SRS Derived Views v1

SRS Derived Views v1 produces analyst-facing diagnostics (e.g., RDI/CSS labels, derived_by_year slices) generated only from the SYNTH_SIGNALS.json payload produced by SRS v1. It inherits the same MANIFEST and FREEZE_META governance layer, including sha256 references and git provenance.

Outputs remain year-level, non-invertible aggregates designed for catalogue realism testing, non-stationarity monitoring, and capital-surface conditioning. No storm-level structure or operator logic is exposed.

Governed artifact verification

All climatology-surface bundles (SRI v1, SRS v1, SRS Derived Views v1) include MANIFEST and FREEZE_META files with sha256 references and git commit provenance. PTEM verifies uploads via verify_freeze_bundle_v1.sh, which can optionally enforce a clean git state using --strict-clean. Freeze helpers permit --allow-dirty overrides but default to clean-tree enforcement so downstream teams can audit every release.

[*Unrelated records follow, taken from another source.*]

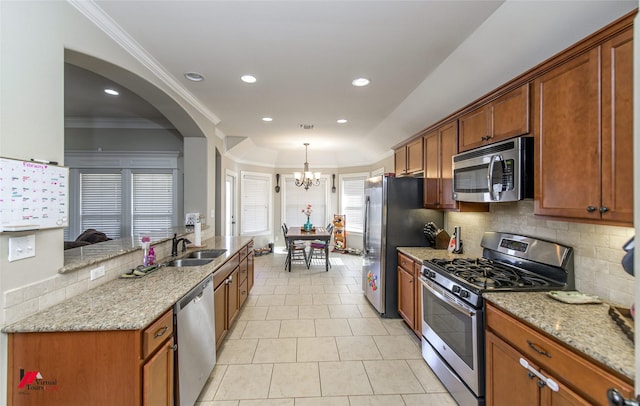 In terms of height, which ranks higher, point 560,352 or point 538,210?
point 538,210

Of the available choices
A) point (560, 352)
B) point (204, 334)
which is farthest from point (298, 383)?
point (560, 352)

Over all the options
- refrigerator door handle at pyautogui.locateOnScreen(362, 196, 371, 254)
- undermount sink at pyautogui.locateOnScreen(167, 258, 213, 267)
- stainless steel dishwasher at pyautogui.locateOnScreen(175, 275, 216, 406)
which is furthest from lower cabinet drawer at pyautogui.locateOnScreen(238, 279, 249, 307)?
refrigerator door handle at pyautogui.locateOnScreen(362, 196, 371, 254)

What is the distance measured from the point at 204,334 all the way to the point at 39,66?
1928 mm

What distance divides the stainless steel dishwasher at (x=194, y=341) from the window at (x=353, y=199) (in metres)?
5.42

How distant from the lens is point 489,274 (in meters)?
2.05

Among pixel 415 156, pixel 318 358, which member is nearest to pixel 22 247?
pixel 318 358

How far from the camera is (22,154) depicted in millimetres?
1383

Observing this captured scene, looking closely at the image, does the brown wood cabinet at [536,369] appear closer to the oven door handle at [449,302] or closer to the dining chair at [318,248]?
the oven door handle at [449,302]

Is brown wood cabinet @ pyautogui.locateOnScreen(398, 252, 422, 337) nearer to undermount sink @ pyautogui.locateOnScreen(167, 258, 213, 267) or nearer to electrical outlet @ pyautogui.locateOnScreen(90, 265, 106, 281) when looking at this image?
undermount sink @ pyautogui.locateOnScreen(167, 258, 213, 267)

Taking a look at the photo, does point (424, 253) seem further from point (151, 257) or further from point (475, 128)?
point (151, 257)

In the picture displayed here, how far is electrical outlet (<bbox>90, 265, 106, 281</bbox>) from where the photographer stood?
72.8 inches

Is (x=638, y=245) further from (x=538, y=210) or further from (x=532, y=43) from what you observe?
(x=532, y=43)

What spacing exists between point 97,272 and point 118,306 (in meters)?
0.55

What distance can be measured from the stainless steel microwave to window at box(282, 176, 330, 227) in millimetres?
5580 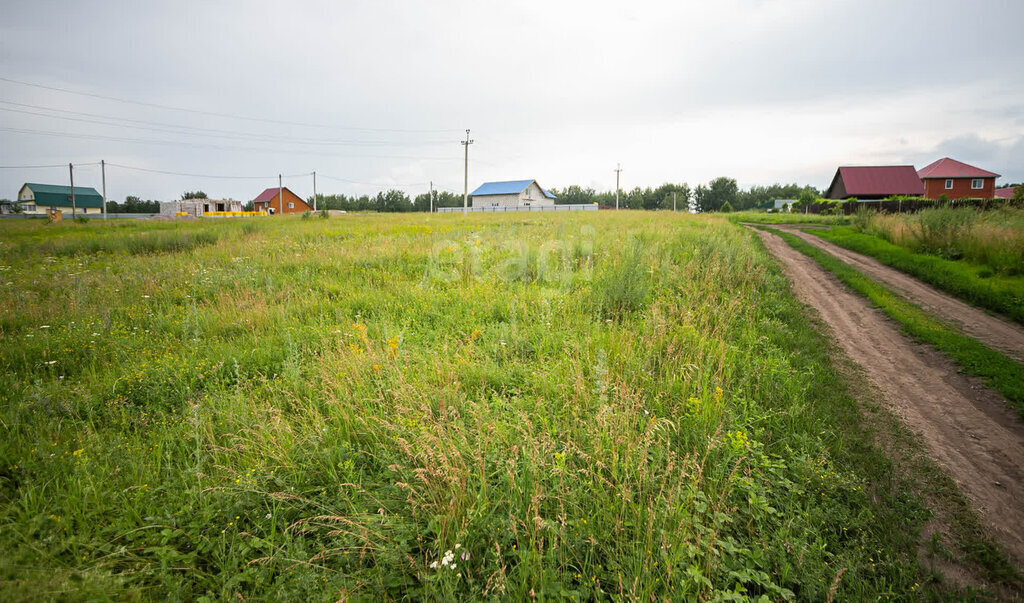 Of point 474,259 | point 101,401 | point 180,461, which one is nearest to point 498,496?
point 180,461

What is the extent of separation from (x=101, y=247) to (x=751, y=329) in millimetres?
20209

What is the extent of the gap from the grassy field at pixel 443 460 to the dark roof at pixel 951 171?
70.3 meters

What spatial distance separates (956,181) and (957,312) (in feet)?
223

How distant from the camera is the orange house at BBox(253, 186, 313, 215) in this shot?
72456 millimetres

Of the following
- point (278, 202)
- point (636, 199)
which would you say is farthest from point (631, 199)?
point (278, 202)

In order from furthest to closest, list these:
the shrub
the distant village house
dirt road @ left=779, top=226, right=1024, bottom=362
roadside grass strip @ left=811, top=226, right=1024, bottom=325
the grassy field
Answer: the distant village house < roadside grass strip @ left=811, top=226, right=1024, bottom=325 < the shrub < dirt road @ left=779, top=226, right=1024, bottom=362 < the grassy field

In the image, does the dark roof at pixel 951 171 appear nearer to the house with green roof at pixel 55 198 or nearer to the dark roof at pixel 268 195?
the dark roof at pixel 268 195

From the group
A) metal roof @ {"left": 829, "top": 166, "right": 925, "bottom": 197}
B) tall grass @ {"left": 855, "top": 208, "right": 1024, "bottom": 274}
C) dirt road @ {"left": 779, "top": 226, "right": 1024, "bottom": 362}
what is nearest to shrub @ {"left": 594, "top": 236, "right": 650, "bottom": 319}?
dirt road @ {"left": 779, "top": 226, "right": 1024, "bottom": 362}

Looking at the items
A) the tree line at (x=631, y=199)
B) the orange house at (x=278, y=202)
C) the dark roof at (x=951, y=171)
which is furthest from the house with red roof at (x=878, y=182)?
the orange house at (x=278, y=202)

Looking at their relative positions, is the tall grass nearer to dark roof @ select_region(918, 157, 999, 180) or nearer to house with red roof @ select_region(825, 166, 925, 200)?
house with red roof @ select_region(825, 166, 925, 200)

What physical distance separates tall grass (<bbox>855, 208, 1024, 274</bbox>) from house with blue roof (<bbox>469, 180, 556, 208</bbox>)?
63536 millimetres

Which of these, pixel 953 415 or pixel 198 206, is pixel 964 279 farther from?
pixel 198 206

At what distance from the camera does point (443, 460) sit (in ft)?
9.05

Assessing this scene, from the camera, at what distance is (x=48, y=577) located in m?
2.04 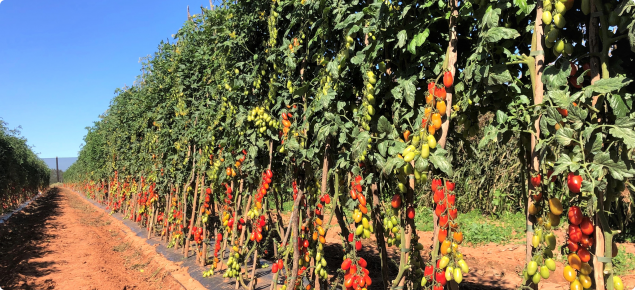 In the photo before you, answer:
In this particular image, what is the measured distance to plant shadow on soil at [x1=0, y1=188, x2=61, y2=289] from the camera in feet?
17.3

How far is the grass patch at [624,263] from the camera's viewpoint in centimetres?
454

Read-Only Inspection (GUS)

Immutable inspection

PTEM includes a read-only inspection interface (GUS) for independent verification of:

registry scope and coverage,

completion ledgers,

frozen artifact URIs, and

correspondence between published summaries, underlying scorecard artifacts, and immutable run manifests.

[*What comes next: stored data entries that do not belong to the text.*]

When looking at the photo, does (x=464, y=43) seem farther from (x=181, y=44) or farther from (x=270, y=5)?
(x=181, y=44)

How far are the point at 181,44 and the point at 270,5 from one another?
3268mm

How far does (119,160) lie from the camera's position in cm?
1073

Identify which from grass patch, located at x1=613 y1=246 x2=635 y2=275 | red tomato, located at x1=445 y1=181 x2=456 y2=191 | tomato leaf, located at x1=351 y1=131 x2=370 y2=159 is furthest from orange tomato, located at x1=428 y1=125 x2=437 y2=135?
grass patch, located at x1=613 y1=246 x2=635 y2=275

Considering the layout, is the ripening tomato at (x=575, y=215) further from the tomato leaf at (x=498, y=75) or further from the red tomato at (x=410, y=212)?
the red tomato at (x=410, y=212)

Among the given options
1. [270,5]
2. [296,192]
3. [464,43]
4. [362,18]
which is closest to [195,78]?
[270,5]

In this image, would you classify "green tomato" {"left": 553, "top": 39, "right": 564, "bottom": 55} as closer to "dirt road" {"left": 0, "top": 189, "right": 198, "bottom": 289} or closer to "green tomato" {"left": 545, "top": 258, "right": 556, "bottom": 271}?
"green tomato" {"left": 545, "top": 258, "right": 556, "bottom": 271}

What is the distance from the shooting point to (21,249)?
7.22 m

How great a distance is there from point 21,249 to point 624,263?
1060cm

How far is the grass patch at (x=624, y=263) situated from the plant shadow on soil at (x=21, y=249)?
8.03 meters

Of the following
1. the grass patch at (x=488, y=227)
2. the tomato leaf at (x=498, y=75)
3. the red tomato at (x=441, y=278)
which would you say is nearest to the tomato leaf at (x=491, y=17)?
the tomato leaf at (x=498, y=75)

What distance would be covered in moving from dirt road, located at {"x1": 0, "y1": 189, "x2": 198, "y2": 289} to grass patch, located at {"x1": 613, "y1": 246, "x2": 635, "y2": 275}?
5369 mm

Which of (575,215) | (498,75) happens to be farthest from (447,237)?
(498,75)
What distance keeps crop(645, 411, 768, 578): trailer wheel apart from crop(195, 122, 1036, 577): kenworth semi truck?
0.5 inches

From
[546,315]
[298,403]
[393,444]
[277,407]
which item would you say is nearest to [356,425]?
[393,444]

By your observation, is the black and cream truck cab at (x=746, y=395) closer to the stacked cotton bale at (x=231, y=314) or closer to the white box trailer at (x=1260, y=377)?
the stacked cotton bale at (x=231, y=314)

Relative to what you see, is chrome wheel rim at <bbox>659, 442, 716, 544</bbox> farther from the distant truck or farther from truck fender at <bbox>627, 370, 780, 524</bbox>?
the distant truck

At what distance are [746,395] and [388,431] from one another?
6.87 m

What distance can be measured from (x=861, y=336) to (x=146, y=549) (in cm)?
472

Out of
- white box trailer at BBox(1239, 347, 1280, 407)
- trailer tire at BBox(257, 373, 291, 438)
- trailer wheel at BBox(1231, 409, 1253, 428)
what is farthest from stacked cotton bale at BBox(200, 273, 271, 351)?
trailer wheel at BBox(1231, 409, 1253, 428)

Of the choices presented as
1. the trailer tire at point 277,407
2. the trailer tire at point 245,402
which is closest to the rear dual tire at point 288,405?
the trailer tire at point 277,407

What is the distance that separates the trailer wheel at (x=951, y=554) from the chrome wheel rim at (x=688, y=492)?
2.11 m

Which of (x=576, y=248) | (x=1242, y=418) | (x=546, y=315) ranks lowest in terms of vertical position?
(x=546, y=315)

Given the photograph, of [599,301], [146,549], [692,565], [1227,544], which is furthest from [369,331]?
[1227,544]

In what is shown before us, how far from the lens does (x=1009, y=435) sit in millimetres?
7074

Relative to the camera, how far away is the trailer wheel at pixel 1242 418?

GUS confirms that reported scorecards and summaries are derived from declared runs and validation receipts.

It produces audit outputs only and cannot modify frozen data or activation logic.

Audit Artifacts

The following artifacts are produced for each canonical run:

Immutable outputs

  • run_manifest.json
  • validation_receipt.json
  • scorecard.json

All reported results are reproducible from these artifacts.

Evaluation Access

Provided under Tier 1 Evaluation

  • Canonical run artifacts and manifests
  • Per-advisory activation flags
  • Event indices and earliest-lead tables
  • Coverage and summary statistics

Not provided (protected)

  • Internal functional forms
  • Structural operators and filters
  • Gate firing logic (e.g., landfall, regime suppression)
  • Coherence and circulation derivation logic

All validation outputs are reproducible from provided data and manifests.

Summary

Canonical validation is performed on a frozen Atlantic structural record using pre-declared activation rules recorded at run time. Public materials document auditability, scope, and aggregate operating characteristics, including activation timing, lead-time distributions, and false-activation rates under declared operating points with reference operating points captured in the associated manifests and receipts.

Evaluation licenses provide advisory-level activation flags, event-aligned lead tables, and full validation receipts suitable for independent technical review.